Last Tuesday Mike and I unveiled our brand shiny new presentation: Understanding the Disruptor, a Beginner's Guide to Hardcore Concurrency. This was a preview of the talk we'll be doing at JAX London on the 2nd November.
A video of the session is available, as are the slides. I promise not to say "so" anywhere near as many times when I repeat my performance at JAX (is there anything more painful than watching yourself on video?).
I thought the session went really really well. We got some great questions at the end, we had an audience that was engaged, and I was dead pleased we didn't lose anyone with the assembly language. We had some very valuable feedback afterwards too.
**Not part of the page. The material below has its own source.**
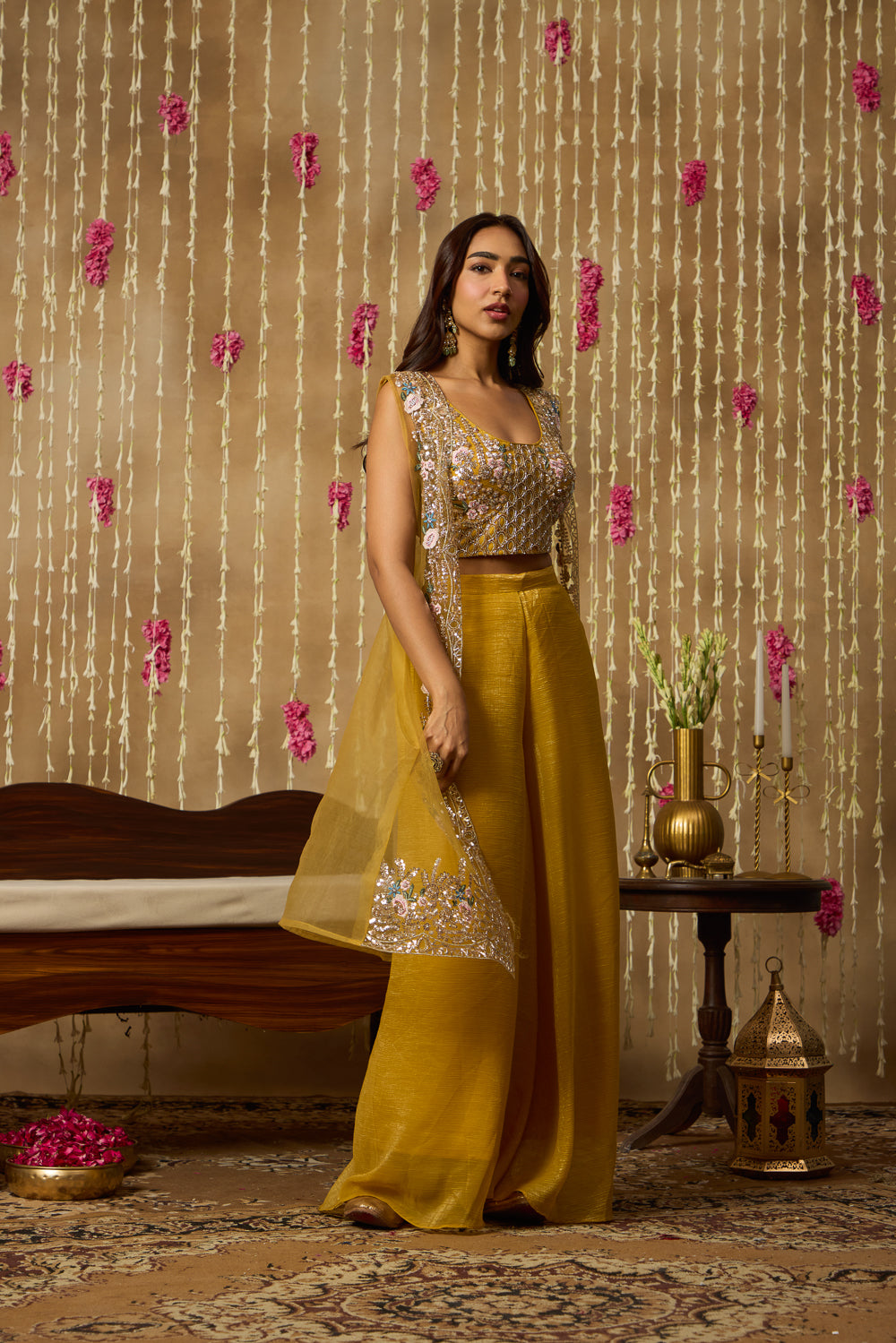 Jhoom Marigold Embroidered Overlay Set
As well as our presentation, there were three great lightning talks:
Somay Nakhal on Java Thread States - Somay gave a nice overview of thread lifecycles with code and some great diagrams. I liked how he made this more applicable to the real world than the sort of book examples you get.
Ged Byrne on the shiny new LJC Book Club - Ged reminded us how great it is to read an actual, paper book. How committing to reading page by page forces you to learn in a different way to jumping around internet references that might not give you the context you need. I thought this was a great presentation with humour, and I liked the way he challenged us to "expand our minds". Although the actual book he was reviewing was Oracle Coherence 3.5, I've decided I need to read Beautiful Software, which Ged quoted at the end of the talk.
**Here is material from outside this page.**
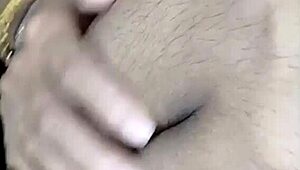 Real homemade first-time curvy milf leaks milk from big natural tits while moaning loud on camera.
Peter Lawrey on Common Java Misconceptions - A session which plays well with what we're trying to preach when we talk about Tackling Folklore. He covered a few topics that are assumed to be "truth". For example, dealing with garbage collection is not a mandatory part of writing Java - you could write GC-friendly code for a start. Also it's naive to assume the JDK is written in an efficient way, anyone who's actually dug around it for a while will realise that newer, more efficient methods of programming have not been applied to all areas of the (massive) existing code base. I think it's great to have people out there talking about this stuff, it's too easy to make assumptions and take things for granted. The most important thing he said: "If you're told something, don't just believe it - test it yourself first".
All of us (me, Mike and the lightning talk presenters) got such a great response it has encouraged us at the LJC to try and push for more real developers presenting their experiences. We have a lot of great presentations from vendors, but what's more applicable to Java guys and girls across the board is other developers sharing the problems they're trying to solve and how they go about that process.
I'm very much looking forward to presenting this again at JAX.